The office of New York State Comptroller Thomas P. DiNapoli recently completed an audit of the Village of Dering Harbor’s Board oversight of financial operations. The audit period was June 1, 2017 through August 31, 2018, but the audit was extended back to June 1, 2013 to review past financial records and budgets, and forward to review the 2019-20 budget.
The key findings were that the various Boards — those in office during the years reviewed — failed to comply with statutory requirements when presenting and adopting budgets for 2013-14 through 2018-19. They also underestimated revenues in 2013-2018, and did not pass a local law in 2018 to exceed the tax levy limit as required.
The village, led by a mayor, deputy mayor and three trustees, prepared a response to the points identified in the audit report. Signed by Mayor Betsy Morgan, the response states that the current board has served since June 2018. A different mayor, John Colby, served for one year before that. Prior to that time, the previous mayor, Tim Hogue, served for 26 years and appointed all trustees.
With the exception of one section of findings on budget preparation, the board accepted the report’s findings and recommendations. Its response stated that of 10 recommendations, seven had already been implemented.
The comptroller’s office corrected the report, in response to the village statement, to clarify that the 2019-20 budget hearing was held by the date prescribed by law.
“Among the reasons we ran for election was a concern about the village’s financial condition and financial management,” Mayor Morgan told the Reporter. “We welcomed the audit as it gave us expert guidance as we embarked on our own efforts to make sense of what had been going on and to get our financial house in order.”
The Board in 2018 formed an audit committee and directed it to contact the state comptroller’s office to request an audit. The Board also engaged a CPA firm to improve financial operations.

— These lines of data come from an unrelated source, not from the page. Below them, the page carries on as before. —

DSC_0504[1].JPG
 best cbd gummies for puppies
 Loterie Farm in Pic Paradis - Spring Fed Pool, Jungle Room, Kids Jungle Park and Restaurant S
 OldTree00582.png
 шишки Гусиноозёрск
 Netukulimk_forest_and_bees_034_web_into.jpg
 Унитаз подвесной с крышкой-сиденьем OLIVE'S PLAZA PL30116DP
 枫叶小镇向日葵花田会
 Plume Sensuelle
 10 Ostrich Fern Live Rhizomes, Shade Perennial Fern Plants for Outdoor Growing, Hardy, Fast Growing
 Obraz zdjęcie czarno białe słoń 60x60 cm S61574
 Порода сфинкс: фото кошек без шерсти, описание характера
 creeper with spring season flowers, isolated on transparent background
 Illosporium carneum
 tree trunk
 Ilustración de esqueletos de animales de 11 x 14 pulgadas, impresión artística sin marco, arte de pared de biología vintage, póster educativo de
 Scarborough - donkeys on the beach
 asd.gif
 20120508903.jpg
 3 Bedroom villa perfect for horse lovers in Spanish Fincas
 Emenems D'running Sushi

Normally, Ms. Morgan said, the state performs routine audits on municipalities every few years and only looks at the previous year’s financials. “But the auditors discovered that the village hadn’t been audited for 23 years, and upon examining the financials for the previous fiscal year, they discovered enough irregularities that they determined that it was necessary to expand the audit to cover the previous five years,” Ms. Morgan said. “With their help we corrected many legacy issues and now our financial condition and records are in great shape.”
With regard to the failure to pass a law to exceed the tax cap in 2018, she said then-mayor John Colby was responsible for developing the budget and ensuring that all state comptroller processes and procedures for budget preparation were observed — including the requirement to pass a local law overriding the 2% budget cap mandated by the state.
“Happily, we haven’t needed to exceed the tax cap since then,” Ms. Morgan said, “as we’ve significantly lowered our budget and reduced property taxes, while at the same time, putting aside a large amount for reserves, all under the stewardship of Patrick Parcells, our current budget officer.”